Known as "The Colonel" to some, Conan Vaughan earned engineering degrees from Tech in 1926 and 1927 and completed Tech's ROTC program. He earned the Bronze Star in World War II, became a colonel in the Army, and stayed active in the Army Reserve through his 60s. He helped start and lead the Army's reserve school in Norfolk.
Vaughan spent his entire career with the telephone company before his retirement in 1971, acquiring a reputation as a no-nonsense manager who "in this non-ostentatious way, accomplished 25 percent more than the average person," said John F. Keeling, C&P's area manager for Eastern Virginia.
Vaughan also acquired telephone company stock and "just saw it go up and up and up" till he was worth more than $2 million, said his brother, Edwin W. Vaughan, a retired physician in Greensboro, N.C.
Meanwhile, his wife inherited some $1.5 million worth of bank stock from her father, an executive of a Richmond bank.
But the Vaughans' fortune never seemed important to them. Edwin Vaughan said the couple decided without much agonizing to give the bulk of it to the veterinary school.

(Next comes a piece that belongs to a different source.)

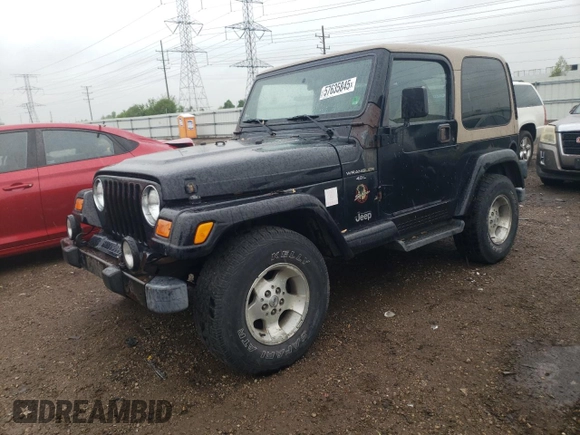 2000 Jeep Wrangler Sahara z VIN 1J4FA59S2YP714136, wystawiony jako Copart lot #57635845 z przebiegiem 178 075 mil mil oraz Czysty tytuł • Clean title. Historia ofert i sprzedaży dostępna na DreamBid. Obrazek 1.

They also left some money to relatives and $100,000 for diabetes research at the Medical College of Hampton Roads. There also was $50,000 for Central Baptist Church of Norfolk, where Conan Vaughan taught Sunday school and was known to crawl around the basement inspecting for termites.
"He wanted to leave his money to Virginia Tech, and the veterinary school was getting started," Edwin Vaughan said. "He thought that would be as good a way as he could to help students out."
Tech officials said the unsolicited gift was especially well placed in the veterinary school, where students often have to borrow $20,000 or so to complete an education in a field where salaries are typically in the $25,000 range.
Some of the money will be used to strengthen the school's minority recruitment program, another favorite cause of Vaughan, who was a longtime friend of the pioneering researcher George Washington Carver of Alabama's Tuskegee Institute.
"There was only one Mr. Vaughan," Keeling said. "If I had to name five people in the world who state their principles and live by them diligently day by day, he'd be one of them."